AWM already holds several contracts across the region, including a nine-year waste treatment agreement with Calderdale council which was signed in September 2015 (see letsrecycle.com story).
Tim Shapcott, commercial director for AWM, said: “As a local company operating in the region, we are delighted to have been selected as Preferred Bidder for this significant waste contract to treat Bradford’s residual waste.
“Our offer will create added value in generating addition recyclables and green energy in a sustainable way, with very little left to go to landfill.
“We look forward to completing the process and reaching a successful contract award and are prepared to deliver an innovative and cost effective solution to the district.”
Under the contract, much of the waste will be sent to AWM’s 200,000 per year capacity waste facility in Leeds for processing into a waste-derived fuel. The £10 million facility also houses a materials recovery facility (MRF) (see letsrecycle.com story).
Bradford council has also revealed that agreement has been reached for a significant portion of the waste to then be sent to the Ferrybridge 2 Multifuel energy from waste facility in West Yorkshire, currently under development by the energy provider SSE. The £300 million Ferrybridge 2 plant, which is expected to open in 2019, will have the capacity to treat up to 675,000 tonnes of RDF per year (see letsrecycle.com story).
Bradford tendered for the contract in 2015, after plans to build an EfW facility on a site at Bowling Back Lane were abandoned. The project had previously been awarded £62 million in PFI credits by the government, with a consortium led by Skanska appointed to lead the project.
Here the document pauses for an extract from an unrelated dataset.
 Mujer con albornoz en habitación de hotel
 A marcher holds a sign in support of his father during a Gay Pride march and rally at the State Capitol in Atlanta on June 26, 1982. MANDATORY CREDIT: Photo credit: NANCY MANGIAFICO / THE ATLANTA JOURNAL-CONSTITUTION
But in 2013, the department withdrew its support.
In 2015/16 the council sent close to 17% (39,150 tonnes) of its waste to landfill, whilst 40.5% was sent for energy recovery.
Commenting on the new contract, Councillor Sarah Ferriby, Bradford council’s executive member for environment and sport, said: “This solution will secure a method of treating the residual waste from Bradford for the next 12 years with an option for a further three years, and will lead to an increase in recycling rates as well as a high level of diversion from landfill.”
Steve Hartley, Bradford council’s strategic director of place added: “Constantly increasing landfill tax costs and the harm to the environment by landfilling wastes means that this contract will offer both a more sustainable solution, with demonstrable environmental and climate change benefits, as well as being more cost-effective.”